**WORK TO BE COMPLETED**
The lines to reproduce run from the one containing "So the MultiView" through the final line of the entries; write them out exactly and add nothing.
Start of SUPPLIED DATA
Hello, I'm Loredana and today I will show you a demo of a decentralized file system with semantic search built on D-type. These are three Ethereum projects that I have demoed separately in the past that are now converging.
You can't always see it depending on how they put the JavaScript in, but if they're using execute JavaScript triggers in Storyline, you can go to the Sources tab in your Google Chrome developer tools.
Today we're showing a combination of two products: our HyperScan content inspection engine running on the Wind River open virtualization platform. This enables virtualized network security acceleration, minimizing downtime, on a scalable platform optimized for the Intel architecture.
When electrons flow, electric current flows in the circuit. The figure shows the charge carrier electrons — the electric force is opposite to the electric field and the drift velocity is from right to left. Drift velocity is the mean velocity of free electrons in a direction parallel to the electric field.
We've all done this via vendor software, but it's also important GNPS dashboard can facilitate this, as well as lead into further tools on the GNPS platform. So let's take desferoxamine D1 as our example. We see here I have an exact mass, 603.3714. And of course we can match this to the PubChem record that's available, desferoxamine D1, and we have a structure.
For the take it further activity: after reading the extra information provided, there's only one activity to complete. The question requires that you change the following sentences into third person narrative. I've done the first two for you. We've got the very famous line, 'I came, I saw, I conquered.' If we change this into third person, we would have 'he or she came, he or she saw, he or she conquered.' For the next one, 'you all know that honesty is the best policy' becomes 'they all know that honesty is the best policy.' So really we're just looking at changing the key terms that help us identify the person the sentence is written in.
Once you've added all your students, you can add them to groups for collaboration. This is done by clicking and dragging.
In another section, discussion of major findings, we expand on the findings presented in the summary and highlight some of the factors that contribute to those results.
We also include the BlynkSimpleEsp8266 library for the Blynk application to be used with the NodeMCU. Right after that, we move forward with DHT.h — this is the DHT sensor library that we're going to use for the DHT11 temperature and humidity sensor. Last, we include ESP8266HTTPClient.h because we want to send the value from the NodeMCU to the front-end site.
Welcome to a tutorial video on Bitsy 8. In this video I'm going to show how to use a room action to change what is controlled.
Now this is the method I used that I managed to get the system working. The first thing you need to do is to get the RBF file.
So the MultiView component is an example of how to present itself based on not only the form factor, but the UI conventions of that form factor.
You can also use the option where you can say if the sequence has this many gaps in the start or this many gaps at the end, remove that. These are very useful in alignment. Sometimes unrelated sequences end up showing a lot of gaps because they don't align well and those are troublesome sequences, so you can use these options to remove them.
End of SUPPLIED DATA
**REPLY**
So the MultiView component is an example of how to present itself based on not only the form factor, but the UI conventions of that form factor.
You can also use the option where you can say if the sequence has this many gaps in the start or this many gaps at the end, remove that. These are very useful in alignment. Sometimes unrelated sequences end up showing a lot of gaps because they don't align well and those are troublesome sequences, so you can use these options to remove them.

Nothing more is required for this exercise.